Mme Coralie Héritier. Sans me prononcer quant à l’intérêt d’une photographie en couleur sur un titre d’identité, je signalerai que la nouvelle CNIe donne aux forces de police des possibilités de contrôle supplémentaires. C’est par exemple le cas du cachet électronique visible. Il facilitera leur travail sur le terrain.

M. Yann Haguet. La carte d’identité française fait appel à trois types de sécurité.

Nous venons de discuter en détail des sécurités physiques. Comme M. Romain Galesne-Fontaine l’a indiqué, elles correspondent à celles en vigueur dans la majorité des pays. Ici, notre devoir consiste à observer les pratiques qui prévalent, tout en nous assurant de la maturité des solutions que nous intégrons à notre projet.

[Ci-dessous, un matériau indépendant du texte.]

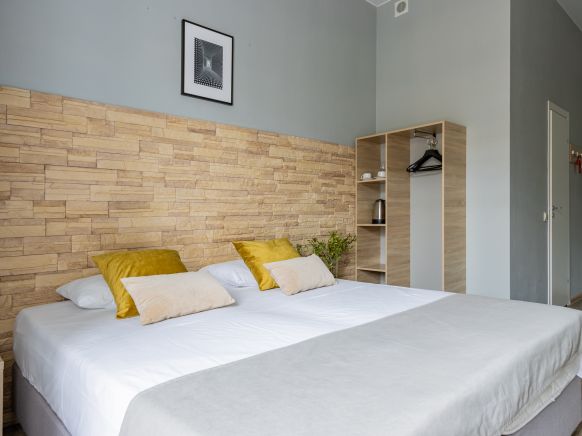 Фотография номера гостиницы Номера на Невском, 111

À l’autre bout de la chaîne, la puce apporte elle-même un certain nombre de sécurités. Entre les deux extrémités, le cachet électronique visible (CEV) offre un premier niveau de lecture et de contrôle automatisé.

Au total, la duplication des éléments de sécurité confronte les éventuels fraudeurs à autant de barrages contre leurs intentions malveillantes.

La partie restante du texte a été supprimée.